Carbon dioxide concentrations are growing rapidly and accelerating. The observed concentration rise is through multiple lines of evidence directly attributable to the use of gas, oil and coal. Of any emitted carbon dioxide, about 40% remains semi-permanent in the atmosphere. According to a 2007 report by the Intergovernmental Panel on Climate Change, "About 50% of a CO2 increase will be removed from the atmosphere within 30 years, and a further 30% will be removed within a few centuries. The remaining 20% may stay in the atmosphere for many thousands of years."
Three longer term processes are recognized to redistribute and eventually dissipate currently emitted carbon dioxide. The first will be ocean invasion (300 years), which can only reduce concentration by a factor of ~4, because of the establishment of a new equilibrium. The second will be a new equilibrium with carbon carbonate, which can reduce the concentration by a factor of ~3 over a 5,000 year timescale. The third stage is eventual reaction with igneous rock with a time-constant of 400,000 years.
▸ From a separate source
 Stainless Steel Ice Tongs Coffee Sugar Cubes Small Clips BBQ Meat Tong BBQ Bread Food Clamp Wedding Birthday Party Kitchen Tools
These processes are so slow, that practically zero-emissions are at some point unavoidable in order to not exceed any practical carbon dioxide concentration limit.
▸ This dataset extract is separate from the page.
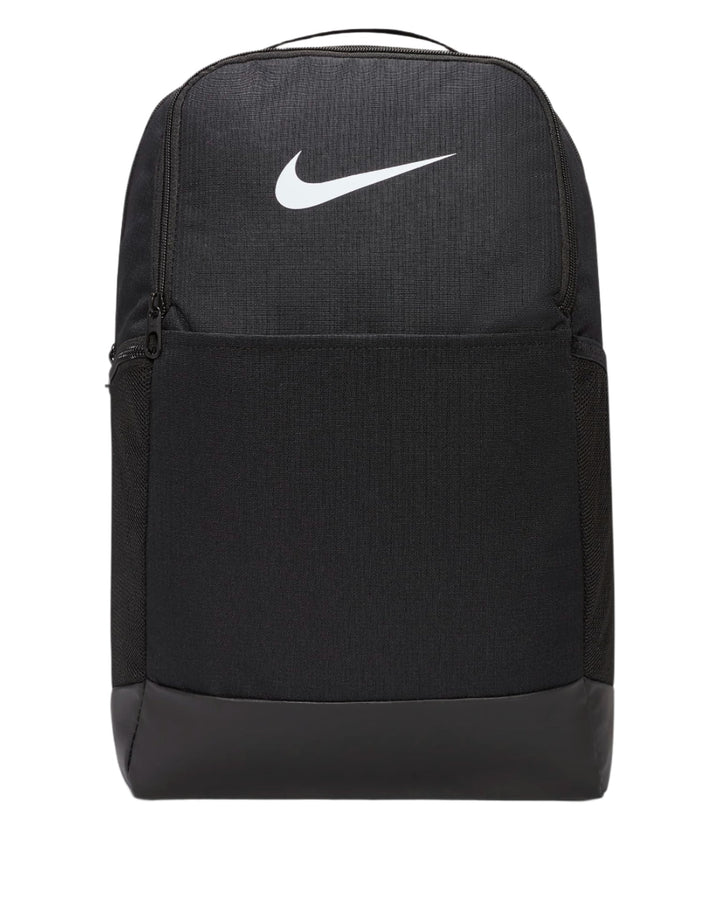 Black nike brasilia backpack with white swoosh logo and textured fabric design.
To avoid a global warming of 2.1°C, it is estimated that a concentration of less than 450 ppm needs to be maintained if other gasses were to return to pre-industrial levels. Currently a global warming of 0.7°C is measured, with another 0.6°C increase expected even without any further increased concentrations because the oceans are still being warmed along with the atmosphere. At the current accelerated growth rate, exponentially extrapolating the Keeling curve, this concentration will be reached in 22 years. Even with constant concentration growth, with the current 2.2 ppm/yr, this concentration will be reached in (450-390 ppm)/(2.2 ppm/yr)=27 years. These timescales are so short with respect to the timescale of the evolution such there is little doubt these concentrations will be reached soon barring any drastic behavior changes. Indeed, the lifetime of for instance power plants can be 40 to 60 years. To avoid these concentrations, an immediate reduction of the concentration growth of 3.5% per year rather than a growth of the concentration growth of 1.7% per year needs to be achieved for the foreseeable future. Reducing the concentration growth can be done by restricting emissions or with carbon sequestration. The concentration growth is dominantly affected by the net human emissions.
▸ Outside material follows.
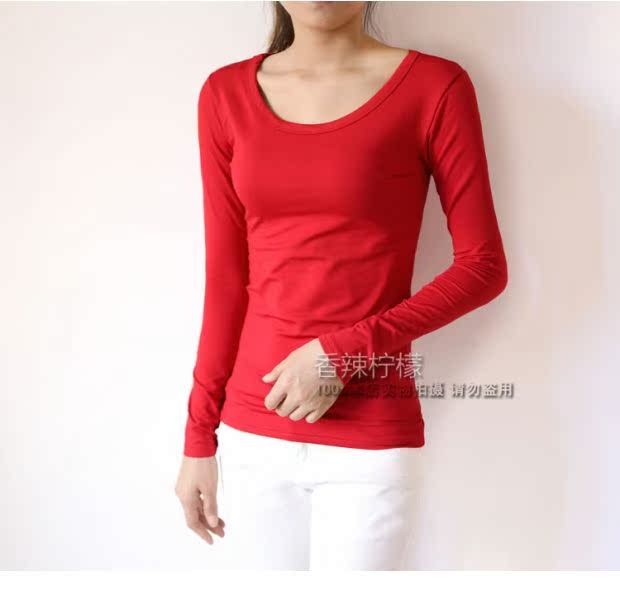 Mùa thu và mùa đông size lớn Áo thun nữ dài tay Áo mỏng mỏng màu rắn đáy áo cổ tròn áo ngắn Áo thun mùa thu quần áo thủy triều áo phông nữ dài tay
The current increase to 386 ppm from 280 ppm causes a radiative forcing of 1.66 W/m^2, and 1.34 W/m^2 from increases in other gases, totaling 3.00 W/m^2. The current concentration of greenhouse gases already have a heating power equaling that of a concentration of (386−280)×3.00/1.66 + 280 = 472 ppm C02-eq (carbon dioxide equivalent). Therefore, the current concentrations are high enough for over a 2 degrees Celsius temperature rise.
To be able to reduce carbon dioxide concentration with Carbon sequestration back to pre-industrial levels, (390−280 ppm)/390ppm/(50%/100) = 70% of all the existing air needs to be scrubbed off any carbon dioxide, where 50% is the percentage of carbon dioxide residing in the atmosphere (and not in the oceans), removing about (390−280 ppm)/(50%/100) = 0.03% of the air, an immense task.